I’m coming up on 21 years of service at the end of July and I’m starting to get “the questions.”

When are you going to retire?

Why don’t you retire?

Where do you plan on retiring?

Everyone seems to ask the first one out of just general curiousity. The second question is usually asked by folks who’ve let “the building” get so far into their heads they’ve lost all hope, although our daughter asked it when she found out I was probably taking her mother out across the Pacific yet again. The third one, usually by contractors who realize they’ve got an old guy with access in front of them. We’re like gold to contractor recruiters.

And to be honest the answers are: When they make me. Because I’m not done yet. Not here.

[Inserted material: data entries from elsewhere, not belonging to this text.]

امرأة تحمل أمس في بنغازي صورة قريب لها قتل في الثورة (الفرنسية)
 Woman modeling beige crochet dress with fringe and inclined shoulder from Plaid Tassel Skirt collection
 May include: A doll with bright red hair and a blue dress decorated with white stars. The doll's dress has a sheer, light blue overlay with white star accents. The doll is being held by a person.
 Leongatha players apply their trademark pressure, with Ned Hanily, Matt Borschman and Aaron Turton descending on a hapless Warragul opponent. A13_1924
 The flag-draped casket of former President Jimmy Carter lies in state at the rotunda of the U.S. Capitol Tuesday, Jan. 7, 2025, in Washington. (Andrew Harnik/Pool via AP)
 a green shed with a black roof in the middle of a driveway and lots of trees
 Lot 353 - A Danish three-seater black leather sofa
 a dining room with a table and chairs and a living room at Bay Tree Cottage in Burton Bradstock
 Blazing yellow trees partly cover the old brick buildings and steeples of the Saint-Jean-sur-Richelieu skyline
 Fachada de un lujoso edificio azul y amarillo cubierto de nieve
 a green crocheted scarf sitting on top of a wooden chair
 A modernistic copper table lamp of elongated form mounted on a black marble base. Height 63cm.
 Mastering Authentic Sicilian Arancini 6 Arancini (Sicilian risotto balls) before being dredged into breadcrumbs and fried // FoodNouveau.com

When they make me because I think I’ve mentioned before, I had a LOT of different jobs before I joined the Air Force, everything from a mover to a tin man to a chemical engineer in a photo processing plant, and this is still the best job I’ve ever had.

Because I’m not done yet. I don’t know what “done with the Air Force” feels like but I’m just not there yet. I don’t have a great deal of job satisfaction where I’m currently working so retiring from here feels too much like going out with a whimper. I’d much rather go out all beat up and tired, grinning from ear to ear, “Now THAT was fun.”.

Not here. Don’t get me wrong, the midwest is wonderful, it’s charming, it’s civilized, my son will probably coast his happy self through DoDDs schools after 4th grade here because they’ve drilled the basics into him. It’s just not home. Home is somewhere with desert, prarie and mountains. Home is somewhere my famiy doesn’t have to live on anti-histamines from April though November. I know it sounds weird for a Chicago street kid, but somewhere and somehow I got “The West” into my bloodstream and it won’t let go.

I was talking to my former functional manager the other day, she’s a retired chief and a GS-12 now and when I told her we were going to Kadena she punched me in the shoulder. “I wanna go!” And then she said something that’s given me a great deal of comfort. She got kind of wistful and said, “After almost two years of retirement, I wish I’d have stuck it out. I’m not having any fun.”

And that’s the deal right there. I might complain about job satisfaction and some of the old thinkers in my building, but for the most part I’m still having a very good time working with very good people. I’m not ready to give that up yet.